Geen wooncrisis meer. In Wenen – Rotes Wien – woont 60% van de 1,7 miljoen inwoners in een huurwoning van de stad of van een woningcoöperatie terwijl de meeste gemeenten in België zelfs de verplichte 9% sociale woningbouw niet halen. Geen enkele reden waarom men ook in België niet massaal zou investeren in sociaal wonen. En om te onthouden: zolang de stad de grootste grondeigenaar is, heeft ze controle over privéprojecten. (Nadine Peeters en Mathilde El Bakri).
Geen schoolmoeheid meer. België is binnen Europa kampioen zittenblijven. Dat kan anders, zoals een bezoek aan de Pöllönkangasschool in het Finse Oulu aantoont. De lerares blijft zoals een moeder jaar na jaar bij de kinderen. Geen zittenblijvers, geen geforceerde vroegtijdige keuzes en veel algemene vakken. Ieder kind heeft zijn talenten, geen enkele leerling is “niet goed genoeg”, elk kind is een artiest. Kleine klassen en niet kamperen om een plaatsje te vinden. Volledig gratis onderwijs, want studeren is een recht, geen voorrecht. De school is warm en gastvrij; een gebouw waar ook de buurt binnenstapt voor avondlessen, vorming, toneel, rockbandje, enzovoort. Natuurlijk kost die school geld, maar ze vangt ook dure problemen op. (Mie Branders en Michaël Verbauwhede).

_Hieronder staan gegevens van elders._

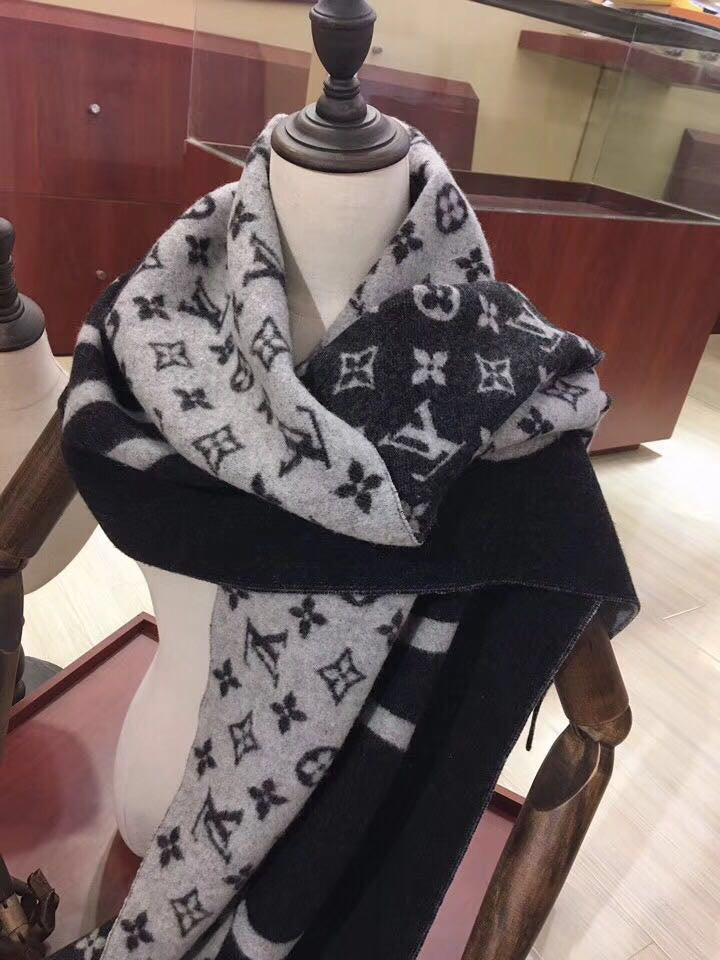185ZE46WDE Stylish Winter Scarves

Change the system, not the climate. Steden zijn verantwoordelijk voor 50% van de kooldioxide-uitstoot, dus het is zeer belangrijk om te werken aan een 100% klimaatneutrale stad. Dat vergt natuurlijk een omwenteling in verband met afvalverwerking, duurzaam bouwen, goederendistributie, groenzones, groene energie, enzovoort. München bewijs dat het kan. Men maakt er komaf met winstmaximalisatie op korte termijn en de stad heeft een eigen nutsbedrijf met 800km ondergrondse warmwaterbuizen. Ecologische energievoorziening in handen van de gemeenschap, want het is onze energie. De toekomst moet je plannen en dat kan je niet overlaten aan een kortzichtige vrije markt. (Tom De Meester en Liza Lebrun).

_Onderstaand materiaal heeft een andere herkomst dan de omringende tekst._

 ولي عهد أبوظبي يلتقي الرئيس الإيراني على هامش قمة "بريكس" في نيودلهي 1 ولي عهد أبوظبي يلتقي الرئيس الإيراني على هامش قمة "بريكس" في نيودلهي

Niettegenstaande uitstekende wetten kent België nog altijd slopende en wijdverspreide discriminatie. Daarom is een gelijkheidsagentschap nodig om discriminatie te voorkomen en aan te pakken waar het de kop opsteekt; een agentschap met gelijkheidsinspecteurs dat, zoals de voedselcommissie, 100.000 discriminatietesten per jaar kan uitvoeren. (Dirk De Block en Youssef Handichi).
Wat te denken van een democratische organisatie die de democratie, dicht bij de bevolking, van onderuit opbouwt met bijvoorbeeld bindende referendums? Met de technische middelen die ons ter beschikking staan, hebben we een toenemende kans om een echt democratisch proces op gang te brengen, om iedereen te raadplegen. Burgers willen graag referenda, maar politici staan er huiverig tegenover. Drie regels zijn nodig om referenda sterk te maken: een bindend karakter, geen opkomstdrempel – wie niet deelneemt, geeft een stem aan de tegenstander. Zo worden boycotacties vermeden – en de vraagstelling wordt bepaald door diegene die door het verzamelen van veel handtekeningen het referendum uitlokt. (Jos D’Haese en Line De Witte).
Een boekje van 161 bladzijden dat drijft op een nieuw elan en hopelijk door evenveel Belgen gelezen zal worden als Hoe durven ze?.